Not many people are able to read my books, so I write for TV too: Qaisra Shahraz

The novelist/screenwriter talks about her creative process, writing mediums and the role of a writer in society today
21 Apr, 2016

Qaisra Shahraz is a British Pakistani novelist and screenwriter. Her first novel, The Holy Woman, was published in 2001 and garnered critical acclaim.

Ms Shahraz’ stories revolve around strong women who are made to conform to the patriarchal rules set down by Pakistani culture but still manage to live life on their own terms.

Dawn caught up with Ms Shahraz at the Islamabad Literature Festival and spoke to her about her novels and other interests.

Q: What are the problems you face as a storyteller? Do you get writers’ block?
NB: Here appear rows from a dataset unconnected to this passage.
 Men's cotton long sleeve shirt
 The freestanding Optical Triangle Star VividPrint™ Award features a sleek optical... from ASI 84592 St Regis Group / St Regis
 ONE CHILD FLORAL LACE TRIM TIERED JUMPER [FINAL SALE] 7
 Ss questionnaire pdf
A: I am far too busy to get writers block. I have so much to do that when I sit down to write, I have to get something down on paper. Whether it is good or bad is another matter, as long as I have something down on paper that I can improve later.
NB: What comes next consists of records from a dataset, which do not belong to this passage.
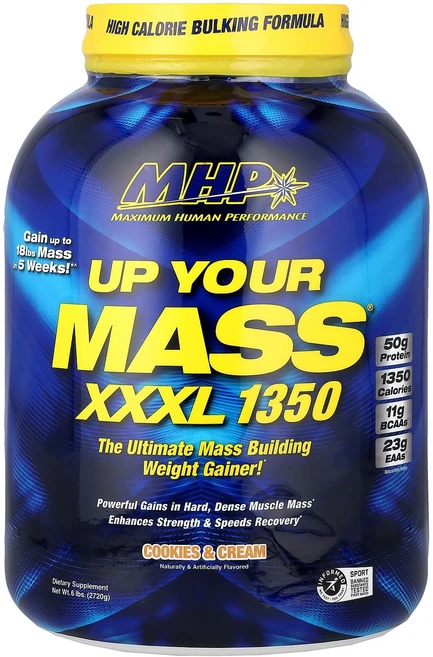 MHP Up Your Mass® XXXL 1350 Cookies & Cream 6 lbs 2 720 g, 2.72kg, 1 - 쿠팡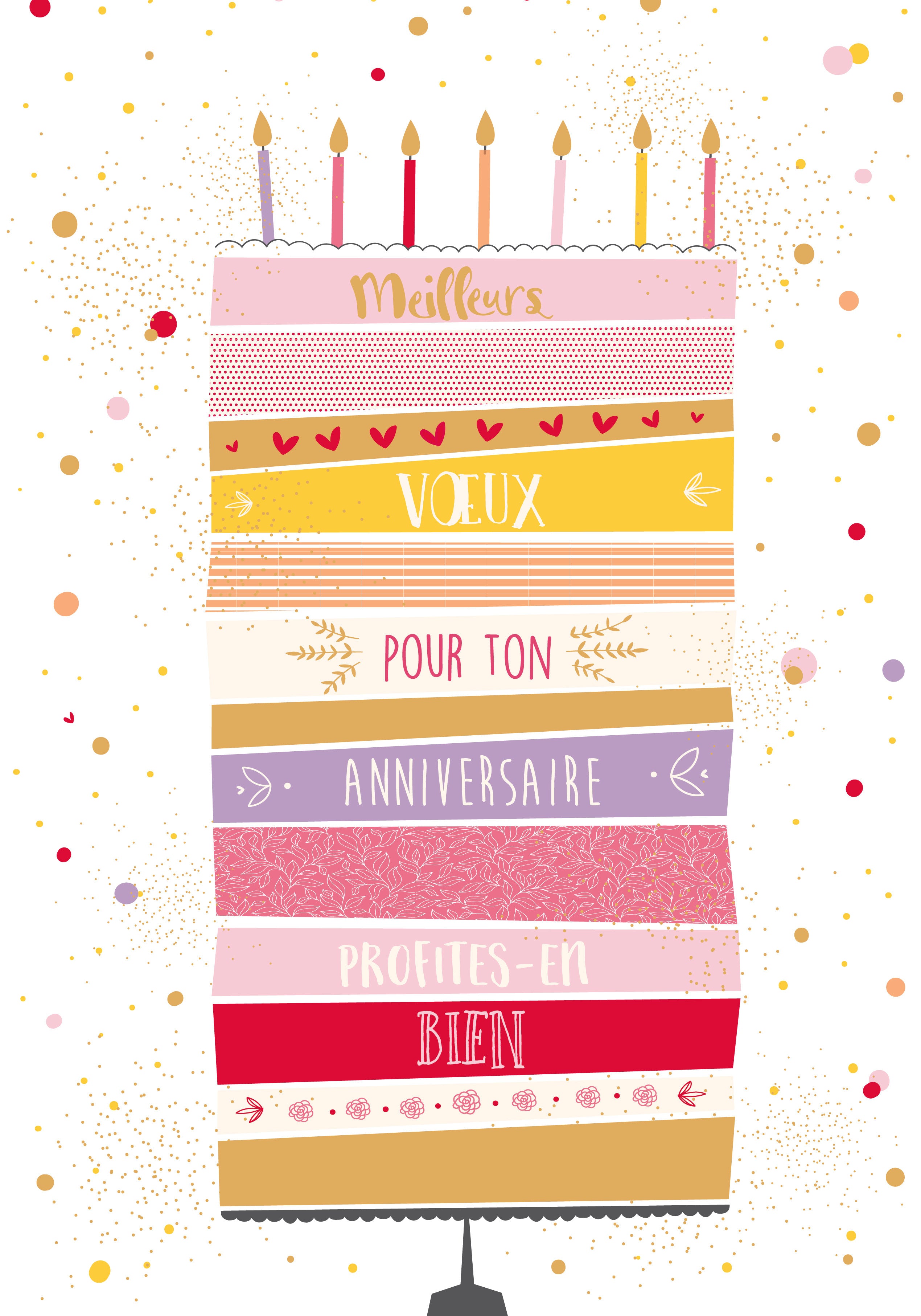 ABC Geburtstagskarte – A4, Torte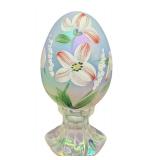 Vintage Limited Edition Hand Painted Fenton Glass Egg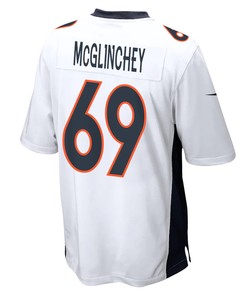Mike McGlinchey 69 Denver Broncos Men Game Jersey - White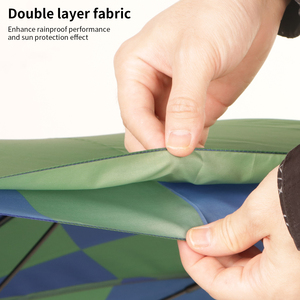 Paraguas de golf de lujo, resistente al viento, de alta calidad, con doble capa de tela 210T pongee, repelente al agua, con degradado de color. - Product Image 5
What I do struggle with is social media. It is such a huge distraction. I will be sitting down to write and I will think, ‘Oh let me check my Facebook’ and from there I get busy checking other social media accounts as well and end up wasting time.

Q: How did you develop an interest in promoting inter-faith harmony?

A: I believe in using literature to promote peace and that writers are the ambassadors of promoting peace. When I am on literary tours, I like to think I am spreading a message of peace and tolerance.

On my tour to Germany, where there is a lot of Islamophobia, I told the audience that I am a proud Muslim and said that this is what an ordinary Muslim is like and that the majority of Muslims are peace loving and do not want to harm others.

I am currently a trustee of the Manchester Multi Faith Centre and vice chair of the Faith Network 4 Manchester and a member of the Muslim-Jewish Forum.

Q: There is an assumption that writing for women needs to be more emotional and that writing for men can be more technical and needs to be more thrilling. Do you agree with that?

A: I think this is a generalisation. There is some truth to this and there isn’t. People write about what they know best. But who decides which is more important? Who is there to say writing about emotions is less important because this has to do with the inside world?

I can write about life in Pakistan because I know it, I cannot write about Indonesia because I have never been there.

I write about women because I understand them better. There are men in my books as well, but fewer. And I feel it is easier to get inside the mind of a woman. So if that is the case, then yes, we do end up writing more about emotion and women. But that doesn’t mean we cannot write about men. Similarly, many male writers have a woman for their lead character.

On the other hand, we cannot make a generalised statement, saying women write about emotions and men don’t. As a writer you are supposed to invent, create and research and if you are good at all those things, there is no difficulty in creating credible characters in literature.

Q: You are also a screen writer. Do you write for theatre as well?

A: I do write for theatre. I wrote a play called Mehmood’s Wedding, but I never really pursued it. Theatres have a smaller audience and I believe they are a bit elitist. Drama serials on the other hand, can be watched by everyone.

Why do you think I write serials for the Pakistani audience? It is because I know that not a lot of people will be reading my book and not many will be able to afford it either. An added barrier is that not many people in the country can read English.

And those who read my books, the educated middle and elite class, don’t really need to be taught the lessons I want to teach.

The poorer, less uneducated people are the ones I want to teach about education and equality etc. For me drama is the medium though which I can speak to the people.

Originally published in Dawn, April 21st, 2016


Mehreen Apr 21, 2016 12:56pm
"And those who read my books, the educated middle and elite class, don’t really need to be taught the lessons I want to teach"... How can you be so sure of this? And if English and affordability is a barrier then why don't you try to overcome it? I'm quite an avid read (both English/Urdu, local and international writers), and I haven't heard about this author anywhere.
Abdul Malik Apr 22, 2016 11:57am
Ms Qaisra Shahraz views are moderate and realistic. Her liked field of exression has a strong and quick impact on the audience. Well said Qaisra indeed. Provided tv , film pay heed to her rederings.